Changing careers? Lean on your transferable skills: Being able to clearly demonstrate your soft skills is especially important when transitioning to a new career. Soft skills are inherently more transferrable than hard skills.
Before you write your career change resume, take time to identify all your best soft skills and how they will benefit you in your new environment. For example, if you’re a teacher pursuing a career in sales, your ability to communicate and present to others is a huge plus.
Duties tell, accomplishments sell: Most people only list duties on their resume, but what good is that if the recruiter or hiring manager has no idea whether you’re good at it? Replacing duties with accomplishments can set your resume apart.
Duty: Respond to customer service inquiries via email and live chat platform.
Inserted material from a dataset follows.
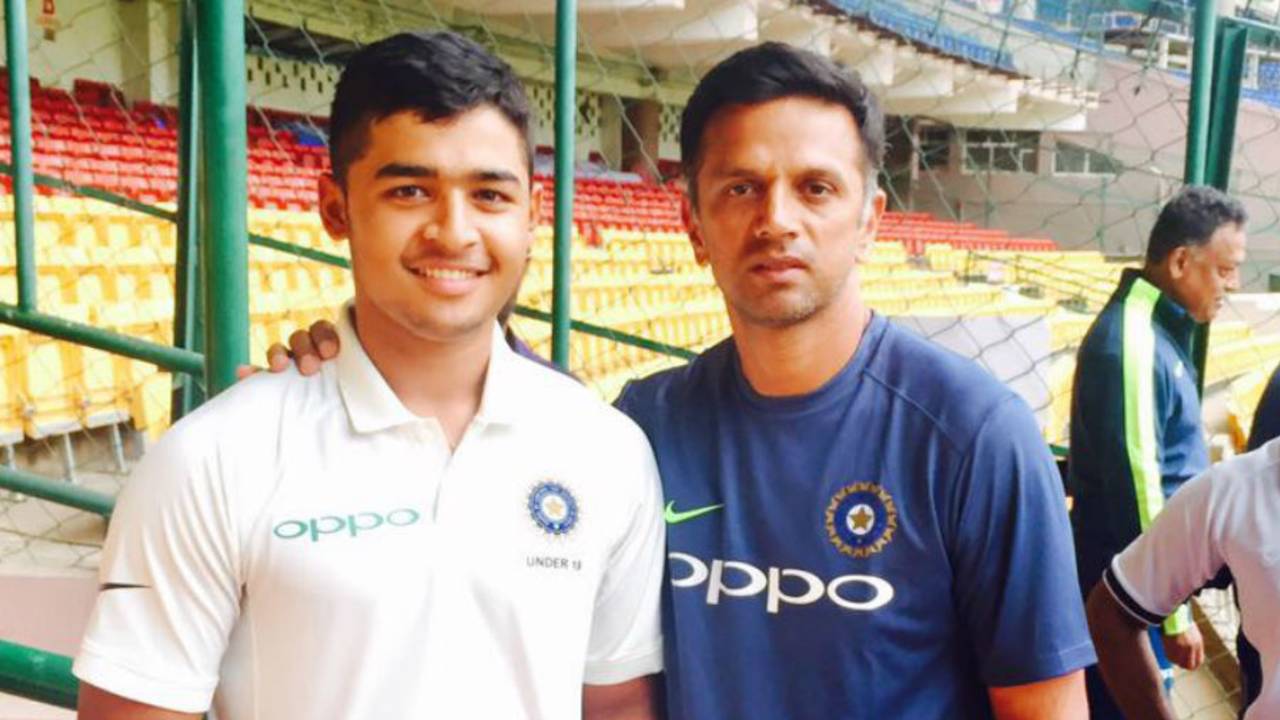 Riyan Parag with India A coach Rahul Dravid at the National Cricket Academy in Bengaluru, June 2017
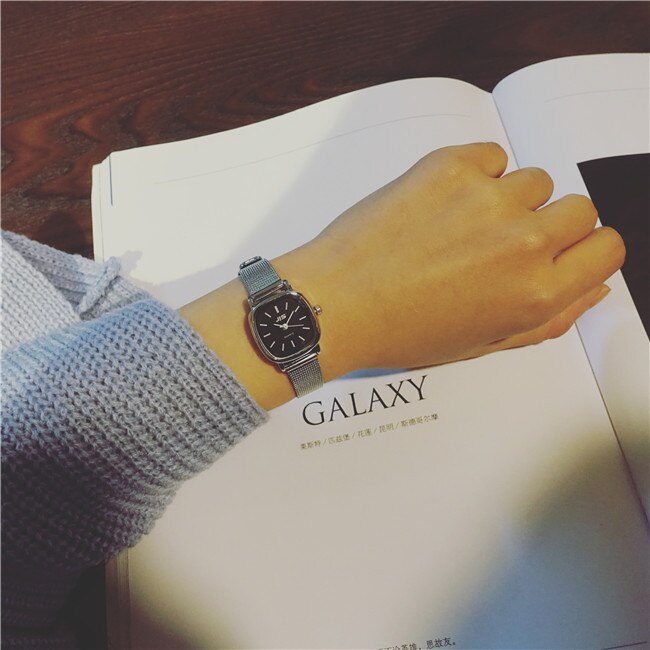 Square Dial Ladies Wristwatches Simple Silver Mesh Strap Women Watches Casual Small Female Quartz Watch Woman Clock: Black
Accomplishment: Respond to an average of 176 customer service live chats and 203 emails per week, improving response time by 74% and customer satisfaction by 31% between 2016 to 2017.
Duty: Write articles for blog according to SEO best practices.
Accomplishment: Write articles for for blog according to SEO best practices, resulting in 53% increase in organic search traffic YoY.
Use active voice and action words: Using passive voice on your resume will make you seem insecure and unwilling to take responsibility for your successes. It also tends to be needlessly wordy, using up precious real estate and making it harder for a recruiter or hiring manager to read.
Passive Voice: Over 10,000 widgets were shipped each month by the department I oversaw.
Active Voice: Oversaw shipment of over 10,000 widgets per month.
Use strong resume action words (designed, eliminated, led) at the beginning of your sentences to focus your duties and accomplishments while showing off your confidence.